Restò negli annali anche la straordinaria performance del discobolo americano Al Oerter, che in Australia infilò la prima di quattro medaglie d’oro consecutive nella stessa specialità, impresa che un po’ di anni più tardi riuscirà solo ad un certo Carl Lewis.

Le competizioni di basket furono ancora una volta dominate dagli Stati Uniti (che vinsero tutte le loro partite con almeno 30 punti di vantaggio), guidati dai fuoriclasse Bill Russell e Kenneth Jones, future stelle NBA nei Boston Celtics.

I padroni di casa, a sorpresa terzi nel medagliere, furono una lieta ventata di freschezza. Emerse, su tutti, la giovanissima (e burrascosa) nuotatrice Dawn Frazer, oro nei 100 stile libero e argento nei 400. Il nuoto fu terra di conquista per l’Australia, che nei 100 stile libero monopolizzò il podio (sia uomini che donne), vinse le staffette e segnò diversi nuovi primati mondiali. Soddisfazioni giunsero anche dall’atletica, dove si imposero Betty Cuthbert (tripletta oro nei 100 e 200 m e nella staffetta) e Strickland de la Hunty negli 80 m a ostacoli.

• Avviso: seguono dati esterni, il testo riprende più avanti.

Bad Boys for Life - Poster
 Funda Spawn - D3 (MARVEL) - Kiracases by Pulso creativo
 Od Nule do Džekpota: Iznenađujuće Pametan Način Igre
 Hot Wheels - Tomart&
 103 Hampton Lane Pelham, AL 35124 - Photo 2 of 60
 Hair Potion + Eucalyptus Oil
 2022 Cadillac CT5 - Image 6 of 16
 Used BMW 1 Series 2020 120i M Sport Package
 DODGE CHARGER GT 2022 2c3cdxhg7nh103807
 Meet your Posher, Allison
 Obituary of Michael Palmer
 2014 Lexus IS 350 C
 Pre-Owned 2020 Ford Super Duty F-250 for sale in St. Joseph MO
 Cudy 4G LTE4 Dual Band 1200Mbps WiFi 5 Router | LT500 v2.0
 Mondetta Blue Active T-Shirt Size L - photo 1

La compagine azzurra si confermò straordinaria interprete di scherma e ciclismo. Tripletta nella spada individuale (Pavesi, Delfino e il sempiterno Mangiarotti), oltre all’oro nella gara a squadre; nel fioretto individuale argento per Bergamini (sconfitto solo dal talentuoso francese D’Oriola) e bronzo per Spallino, e ancora oro nella gara a squadre; nella sciabola, invece, si ebbe la conferma della scuola ungherese, con il primo oro (ne collezionerà sei in carriera) di Rudolf Karpati. Su pista, invece, si fece notare il veneto Leandro Faggin (oro nel km da fermo e nell’inseguimento a squadre insieme a Gasparella, Domenicali e Gandini). A medaglia anche Pesenti (argento nella prova di velocità) e la coppia Pinarello – Ogna (bronzo nel tandem). Memorabile anche il trionfo nella gara su strada del romagnolo Ercole Baldini, che mise oltre due minuti fra sé e il gruppo. Arrivò un oro, il primo, anche nel tiro al volo, per mano di Galliano Rossigni. Con la spedizione tricolore partì anche il nuotatore napoletano Carlo Pedersoli, noto ai più con lo pseudonimo di… Bud Spencer!